Kline et al (2020) consider that at an assessment by a clinician is supposed to: a) provide a credible rationale for the proposed treatment b) detail the efficacy of the envisaged treatment and c) ensure that the clients preferences are acknowledged. IAPT’ assessments fail on all counts, taking these in turn:
a. If the problem is ill-defined e.g low mood/stress it is not clear what rationale should be presented. It is doubtful that a 30-45 minute telephone conversation can provide sufficient space to define the primary problem and other problems/disorders that may complicate treatment. Initial assessments of patients for randomised controlled trials of psychological interventions are typically 90 mins plus, if this is the time deemed necessary to reliably diagnose a patient by a highly trained clinician, how can a much less trained PWP do it in less than half the time? Under time pressure a PWP may consider providing a credible rationale is part of treatment not assessment and in such circumstances it becomes more likely that a client will default.
b. How often do PWPs present clients with evidence on the efficacy of an intervention? Take for example, computer assisted CBT, does the therapist tell the client that only 7 out of 48 of NHS recommended e-therapies have been subjected to randomised controlled trials, ( see Simmonds-buckley et al J Med Internet Res 2020;22(10):e17049) doi: 10.2196/170490 and even in these a gold standard semi-structured diagnostic interview conducted by a blind assessor was not use to determine diagnostic status post treatment, i.e there was no determination of the proportion of clients who were back to their old self after treatment and for how long. Further the e-therapies had average dropout rates of 31%. They are not evidence based treatments in the way the NICE recommended high intensity treatments are.

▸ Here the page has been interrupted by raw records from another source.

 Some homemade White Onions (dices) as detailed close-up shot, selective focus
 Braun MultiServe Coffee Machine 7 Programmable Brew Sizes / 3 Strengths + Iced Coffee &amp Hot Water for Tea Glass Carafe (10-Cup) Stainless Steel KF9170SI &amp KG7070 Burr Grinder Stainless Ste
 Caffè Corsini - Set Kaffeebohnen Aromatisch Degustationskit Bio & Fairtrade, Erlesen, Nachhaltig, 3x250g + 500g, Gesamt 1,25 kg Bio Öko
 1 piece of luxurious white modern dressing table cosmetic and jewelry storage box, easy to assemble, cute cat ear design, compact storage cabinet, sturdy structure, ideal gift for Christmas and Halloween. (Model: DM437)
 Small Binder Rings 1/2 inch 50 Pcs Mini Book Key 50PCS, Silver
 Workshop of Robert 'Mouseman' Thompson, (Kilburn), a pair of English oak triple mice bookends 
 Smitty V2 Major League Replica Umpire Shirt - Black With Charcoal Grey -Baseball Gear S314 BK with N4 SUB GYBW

But approximately three quarters Of IAPT interventions (73%) are low intensity first, with 4% stepped up to high intensity and 20% in total receiving a high intensity intervention Davis A, Smith T, Talbot J, et al. Evid Based Ment Health 2020;23:8–14. doi:10.1136/ebmental-2019-300133
c. Client’s preferences are a predictor of engagement in treatment, but how often is a client given a choice between a low intensity intervention and a high intensity intervention. If both options are juxtaposed choice is likely skewed by informing the client that the high intensity intervention has a much longer waiting time.
Defining A Dropout
The generally accepted definition of a dropout is attending less than 7 sessions [see Kline et al (2020) https://doi.org/10.1016/j.brat.2020.103750], it is held that clients attending below this number will have had a sub-therapeutic dose of treatment and are therefore unlikely to respond]. Applying this metric to IAPT’s dataset is difficult as they only report data for those who complete 2 or more sessions and for which the average number of sessions attended is 6, thus the likely dropout rate from IAPT treatment, as most would understand the term, is about 75%. But IAPT has developed its’ own definition of a completer as one who attends 2 or more sessions. This strange definition serves only to muddy the waters on its haemorrhaging of clients. It makes no sense to continue to fund IAPT without an independent government inquiry into its’ modus operandi.
An Alternative Way Forward
Such has been the marketing power of IAPT over the last decade, that professional organisations such as the British Association for Behavioural and Cognitive Psychotherapies (BABCP) and the British Psychological Society (BPS) have sat mesmerised, as the Services fellow travellers have dominated accreditation and training. In ‘Simply Effective Cognitive Behaviour Therapy’ published in (2009) by Routledge, I detailed a very different way of delivering services, that represents a faithful translation of the CBT treatments delivered in the randomised controlled trials (rcts) for depression and the anxiety disorders. Unfortunately it is IAPT’s fundamentalist translation of the rcts that has held sway and has brooked no debate either in journals or at Conferences.